I have a rather large pandas dataframe (~1.5M rows, but only 6 columns), that contains similarly structured data: one "Date" dimension (roughly 2200 dates), one "Tenor" dimension (9 tenors) and one "id" dimension (roughly 75 ids), plus 3 "value" columns. Missing 3-tuples are filled with nans, so that the ~1.5M rows come exactly from 2200 x 75 x 9. To exemplify, when selecting the first date and the first 2 ids it looks like the following:
Tenor Date id v1 v2 v3
0 1W 2008-03-27 id1 NaN NaN NaN
1 1M 2008-03-27 id1 0.2546 1.1022 13.5355
2 2M 2008-03-27 id1 0.4634 1.4812 13.4620
3 3M 2008-03-27 id1 0.6346 1.7242 13.4069
4 6M 2008-03-27 id1 1.0010 2.1278 13.3204
5 9M 2008-03-27 id1 NaN NaN NaN
6 12M 2008-03-27 id1 1.2576 2.3298 13.3668
7 18M 2008-03-27 id1 NaN NaN NaN
8 24M 2008-03-27 id1 1.3658 2.6527 13.6518
9 1W 2008-03-27 id2 NaN NaN NaN
10 1M 2008-03-27 id2 0.8800 -1.0000 12.7500
11 2M 2008-03-27 id2 1.0340 -1.0000 12.7500
12 3M 2008-03-27 id2 1.2050 -1.0000 12.7500
13 6M 2008-03-27 id2 1.4670 -1.0000 12.7500
14 9M 2008-03-27 id2 NaN NaN NaN
15 12M 2008-03-27 id2 1.7230 -1.0000 12.7500
16 18M 2008-03-27 id2 NaN NaN NaN
17 24M 2008-03-27 id2 1.7075 -1.6000 12.7500
I need to access each of the ~ 165k sub-dataframes of length 9 many times in an efficient way (by picking exactly one date and one id). Standard slicing as suggested e.g. in Splitting dataframe into multiple dataframes are not going to make it: each slicing will have to look into the whole dataframe, typically resulting in linear access time and O(n^2) operations if I wish to look through all sub-dataframes. Isolating a 9x3 sub-dataframe in this way, e.g.:
from dateutil import parser
d = parser.parse('20150101')
%timeit df[np.logical_and(df.id=='id1', df.Date==d)
takes around 120ms, that is unacceptable in my situation.
After sorting the dataframe by the three interesting columns (df.sort_values(['Date','id','Tenor'])
) I can use the indexing, by exploiting the high regularity of the dataframe:
ids= pd.unique(df.id)
starting = {
p: {d: j*9*len(ids) + i*9 for j,d in enumerate(pd.to_datetime(dates))}
for i, p in enumerate(list(ids))
}
then I can access it by slicing, that cuts the need to look through the whole dataframe and improves efficiency significantly:
s = starting['id1'][parser.parse('20150101')]
%timeit df.loc[s:s+8]
This runs in about 200 µs, some 500 times faster.

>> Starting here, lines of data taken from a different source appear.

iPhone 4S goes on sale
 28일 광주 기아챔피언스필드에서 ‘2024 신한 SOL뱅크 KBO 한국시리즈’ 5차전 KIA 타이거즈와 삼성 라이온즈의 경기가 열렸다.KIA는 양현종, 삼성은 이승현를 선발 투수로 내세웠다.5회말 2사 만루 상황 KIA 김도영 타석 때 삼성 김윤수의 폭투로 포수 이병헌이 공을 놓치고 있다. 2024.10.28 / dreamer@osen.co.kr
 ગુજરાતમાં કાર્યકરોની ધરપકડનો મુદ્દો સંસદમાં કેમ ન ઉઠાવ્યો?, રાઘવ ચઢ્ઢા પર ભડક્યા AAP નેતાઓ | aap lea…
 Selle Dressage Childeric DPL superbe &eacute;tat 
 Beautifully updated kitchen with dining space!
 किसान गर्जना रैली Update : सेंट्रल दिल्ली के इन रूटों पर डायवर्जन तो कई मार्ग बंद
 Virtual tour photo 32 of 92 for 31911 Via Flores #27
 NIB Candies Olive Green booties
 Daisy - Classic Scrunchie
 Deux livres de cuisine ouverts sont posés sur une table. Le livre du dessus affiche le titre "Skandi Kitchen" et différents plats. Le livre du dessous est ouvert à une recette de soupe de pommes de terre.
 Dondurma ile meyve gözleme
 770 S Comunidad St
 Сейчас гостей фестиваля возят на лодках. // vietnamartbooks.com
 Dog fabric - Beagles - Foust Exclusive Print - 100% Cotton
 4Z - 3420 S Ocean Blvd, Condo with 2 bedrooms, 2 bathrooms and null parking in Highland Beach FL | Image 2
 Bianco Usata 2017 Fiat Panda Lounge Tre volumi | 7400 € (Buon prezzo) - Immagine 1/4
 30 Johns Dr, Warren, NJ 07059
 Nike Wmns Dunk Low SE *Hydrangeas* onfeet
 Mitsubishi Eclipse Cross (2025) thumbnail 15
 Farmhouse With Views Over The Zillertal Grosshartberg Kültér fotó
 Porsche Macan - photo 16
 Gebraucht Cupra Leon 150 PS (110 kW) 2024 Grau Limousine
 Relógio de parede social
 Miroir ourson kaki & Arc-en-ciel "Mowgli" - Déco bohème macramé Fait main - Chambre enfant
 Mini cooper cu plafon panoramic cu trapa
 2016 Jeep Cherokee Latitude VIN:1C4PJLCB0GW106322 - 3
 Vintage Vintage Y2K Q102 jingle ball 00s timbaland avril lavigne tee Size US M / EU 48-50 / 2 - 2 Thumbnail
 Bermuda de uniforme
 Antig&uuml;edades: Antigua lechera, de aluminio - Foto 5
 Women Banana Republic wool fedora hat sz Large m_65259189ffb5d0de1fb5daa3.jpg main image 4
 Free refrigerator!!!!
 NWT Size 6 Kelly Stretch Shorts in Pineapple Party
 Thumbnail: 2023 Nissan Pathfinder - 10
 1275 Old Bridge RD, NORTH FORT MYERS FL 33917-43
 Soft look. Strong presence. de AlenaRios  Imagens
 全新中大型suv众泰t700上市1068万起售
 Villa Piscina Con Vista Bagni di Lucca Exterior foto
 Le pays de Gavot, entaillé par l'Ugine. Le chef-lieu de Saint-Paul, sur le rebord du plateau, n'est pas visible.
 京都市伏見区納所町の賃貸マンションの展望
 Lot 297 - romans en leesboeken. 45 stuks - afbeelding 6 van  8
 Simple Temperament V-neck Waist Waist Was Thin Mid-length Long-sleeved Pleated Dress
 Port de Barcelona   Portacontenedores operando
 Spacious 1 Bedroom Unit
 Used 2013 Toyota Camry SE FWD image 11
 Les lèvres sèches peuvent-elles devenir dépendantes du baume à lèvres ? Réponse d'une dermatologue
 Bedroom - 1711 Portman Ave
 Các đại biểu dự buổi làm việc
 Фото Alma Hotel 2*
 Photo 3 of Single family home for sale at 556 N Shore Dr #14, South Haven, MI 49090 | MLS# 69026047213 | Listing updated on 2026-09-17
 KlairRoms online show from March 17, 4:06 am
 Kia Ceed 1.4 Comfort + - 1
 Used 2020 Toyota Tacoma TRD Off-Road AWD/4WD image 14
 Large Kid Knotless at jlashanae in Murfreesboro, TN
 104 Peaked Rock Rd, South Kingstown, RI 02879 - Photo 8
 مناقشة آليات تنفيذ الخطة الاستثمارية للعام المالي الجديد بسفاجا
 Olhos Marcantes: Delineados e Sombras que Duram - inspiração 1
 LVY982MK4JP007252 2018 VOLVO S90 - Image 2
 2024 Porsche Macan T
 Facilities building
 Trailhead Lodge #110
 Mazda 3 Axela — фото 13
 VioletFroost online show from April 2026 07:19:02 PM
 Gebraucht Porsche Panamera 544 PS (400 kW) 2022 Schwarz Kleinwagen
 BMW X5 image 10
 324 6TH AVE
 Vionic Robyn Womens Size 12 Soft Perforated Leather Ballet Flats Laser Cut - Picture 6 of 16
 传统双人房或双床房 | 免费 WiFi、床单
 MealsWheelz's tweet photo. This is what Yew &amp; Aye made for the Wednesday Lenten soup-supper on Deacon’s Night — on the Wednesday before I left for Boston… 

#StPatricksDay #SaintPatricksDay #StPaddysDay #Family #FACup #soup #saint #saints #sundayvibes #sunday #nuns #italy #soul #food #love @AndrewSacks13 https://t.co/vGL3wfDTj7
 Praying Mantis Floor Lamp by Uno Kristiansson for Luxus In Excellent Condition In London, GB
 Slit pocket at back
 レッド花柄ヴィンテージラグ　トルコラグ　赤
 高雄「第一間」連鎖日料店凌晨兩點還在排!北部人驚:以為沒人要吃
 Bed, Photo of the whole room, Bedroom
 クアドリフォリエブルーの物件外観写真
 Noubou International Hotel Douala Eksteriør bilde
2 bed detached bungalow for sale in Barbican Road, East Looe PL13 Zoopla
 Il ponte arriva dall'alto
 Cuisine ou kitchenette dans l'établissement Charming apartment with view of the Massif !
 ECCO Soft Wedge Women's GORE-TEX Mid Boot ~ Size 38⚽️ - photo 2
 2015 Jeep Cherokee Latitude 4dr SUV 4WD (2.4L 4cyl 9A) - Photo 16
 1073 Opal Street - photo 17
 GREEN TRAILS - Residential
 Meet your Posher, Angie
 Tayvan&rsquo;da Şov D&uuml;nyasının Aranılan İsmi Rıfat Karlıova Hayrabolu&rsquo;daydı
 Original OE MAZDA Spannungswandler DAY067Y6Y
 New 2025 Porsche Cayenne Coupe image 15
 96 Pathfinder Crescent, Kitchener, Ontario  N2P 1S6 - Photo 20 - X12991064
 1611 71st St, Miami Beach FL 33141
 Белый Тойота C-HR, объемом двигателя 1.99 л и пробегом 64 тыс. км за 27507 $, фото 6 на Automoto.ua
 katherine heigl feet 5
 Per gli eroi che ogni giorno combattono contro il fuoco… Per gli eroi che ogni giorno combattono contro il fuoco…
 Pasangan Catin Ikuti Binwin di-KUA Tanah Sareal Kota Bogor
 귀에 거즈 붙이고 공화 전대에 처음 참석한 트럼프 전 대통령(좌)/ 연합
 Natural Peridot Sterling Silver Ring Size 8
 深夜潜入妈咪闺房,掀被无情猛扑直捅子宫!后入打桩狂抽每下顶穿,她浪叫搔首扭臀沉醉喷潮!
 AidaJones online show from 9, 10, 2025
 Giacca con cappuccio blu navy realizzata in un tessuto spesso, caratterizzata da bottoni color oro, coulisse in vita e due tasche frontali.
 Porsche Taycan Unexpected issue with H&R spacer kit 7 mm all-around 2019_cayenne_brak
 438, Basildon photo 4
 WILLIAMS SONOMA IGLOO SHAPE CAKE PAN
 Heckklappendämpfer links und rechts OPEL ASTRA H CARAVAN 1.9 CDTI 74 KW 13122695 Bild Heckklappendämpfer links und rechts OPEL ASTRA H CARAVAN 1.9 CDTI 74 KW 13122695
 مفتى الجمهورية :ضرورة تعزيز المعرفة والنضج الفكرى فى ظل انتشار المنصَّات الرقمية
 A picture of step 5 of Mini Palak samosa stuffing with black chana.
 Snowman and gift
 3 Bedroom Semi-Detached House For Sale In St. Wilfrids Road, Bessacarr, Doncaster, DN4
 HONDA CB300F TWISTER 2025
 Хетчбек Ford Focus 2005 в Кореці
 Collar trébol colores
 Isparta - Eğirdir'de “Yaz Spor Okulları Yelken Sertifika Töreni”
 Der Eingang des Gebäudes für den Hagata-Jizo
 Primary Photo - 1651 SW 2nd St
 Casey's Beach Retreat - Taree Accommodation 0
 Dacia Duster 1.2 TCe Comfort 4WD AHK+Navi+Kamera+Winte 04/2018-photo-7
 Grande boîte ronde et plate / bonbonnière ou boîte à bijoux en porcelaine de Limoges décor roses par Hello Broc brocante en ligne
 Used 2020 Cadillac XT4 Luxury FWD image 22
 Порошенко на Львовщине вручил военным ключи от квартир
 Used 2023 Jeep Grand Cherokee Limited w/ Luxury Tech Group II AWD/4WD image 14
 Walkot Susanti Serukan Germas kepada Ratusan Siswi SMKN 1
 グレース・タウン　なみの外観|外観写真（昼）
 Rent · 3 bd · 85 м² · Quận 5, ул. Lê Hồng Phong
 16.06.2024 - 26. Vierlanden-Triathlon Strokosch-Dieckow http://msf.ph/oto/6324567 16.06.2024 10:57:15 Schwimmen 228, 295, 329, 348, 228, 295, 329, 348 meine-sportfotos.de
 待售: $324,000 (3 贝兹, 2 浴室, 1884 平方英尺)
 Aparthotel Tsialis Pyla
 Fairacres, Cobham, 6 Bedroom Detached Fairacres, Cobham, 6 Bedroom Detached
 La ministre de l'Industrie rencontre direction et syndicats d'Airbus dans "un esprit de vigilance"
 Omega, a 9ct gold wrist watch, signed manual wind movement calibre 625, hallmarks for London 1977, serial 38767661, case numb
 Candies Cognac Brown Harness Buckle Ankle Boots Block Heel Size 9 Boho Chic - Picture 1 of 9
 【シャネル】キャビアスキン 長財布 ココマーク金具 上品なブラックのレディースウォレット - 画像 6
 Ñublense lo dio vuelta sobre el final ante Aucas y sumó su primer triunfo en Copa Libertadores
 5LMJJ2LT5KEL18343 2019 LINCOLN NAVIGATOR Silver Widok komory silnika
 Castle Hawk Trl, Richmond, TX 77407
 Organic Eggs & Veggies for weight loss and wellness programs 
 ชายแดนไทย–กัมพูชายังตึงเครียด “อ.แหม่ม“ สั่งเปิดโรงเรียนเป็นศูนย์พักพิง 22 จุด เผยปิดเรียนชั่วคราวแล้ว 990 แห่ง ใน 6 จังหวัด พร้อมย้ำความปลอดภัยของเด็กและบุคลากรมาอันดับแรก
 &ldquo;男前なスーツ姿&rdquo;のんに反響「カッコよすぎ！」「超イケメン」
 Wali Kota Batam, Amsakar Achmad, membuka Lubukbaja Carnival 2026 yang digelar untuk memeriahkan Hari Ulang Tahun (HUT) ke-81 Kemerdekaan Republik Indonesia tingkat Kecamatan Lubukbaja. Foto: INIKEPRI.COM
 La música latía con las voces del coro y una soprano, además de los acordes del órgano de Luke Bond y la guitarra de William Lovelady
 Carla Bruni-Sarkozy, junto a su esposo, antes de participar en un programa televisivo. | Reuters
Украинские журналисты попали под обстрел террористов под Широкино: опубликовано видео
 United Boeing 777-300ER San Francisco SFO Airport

However, this is far from the best one can do. If I try to bypass pandas as much as possible, I can split the dataframe into ~165k tiny dataframes, put them in a dictionary, and access them easily:
dates = pd.unique(df.Date)
dfs = {p: {} for p in set(df.id.values)}
for p in ids:
dfs[p] = {d: df.loc[starting[p][d]:starting[p][d]+8,:] for d in pd.to_datetime(dates)}
This doubles (at least) the memory used, but
d = parser.parse('20150101')
%timeit dfs['id1'][d]
gives a much nicer result around 1µs, another ~200x increase over the above, and likely as low as we can go (already %timeit starting['id1'][d]
takes around 1µs).
However, this feels bad, not only for the additional memory use, but especially because it requires me to create a lot of dataframes by hand, and behind the scenes this calls 165k times for malloc. This is a huge waste, as we know in advance how much memory we need (indeed we have it already allocated!), although still it's the best option in my case, as the pre-computation time is dwarfed by the amount of times I'll need to access these sub-dataframes. Furthermore, it could be generalized to uneven division of dataframes in less ideal situations where e.g. the amount of tenors is dependent on the id or date. However, this looks like something pandas should do for me more efficiently than I can.
To sum up, the questions would be:
Is there a pandas function that allows me to split a dataframe to a dictionary, the keys of which are the values of some column and the values of which are slices of the original dataframe?
Is there a reason why cutting the dataframe beforehand is 200 times faster than directly accessing it using the indices? Since the indices I'm using are just integers from 0 to len(df), I'd expect it to be as fast as accessing any Python data structure, yet dictionaries seem to win hands-down.
Otherwise and more generally, is there a faster way to access large dataframes that escapes me, in case where we know already which line we need?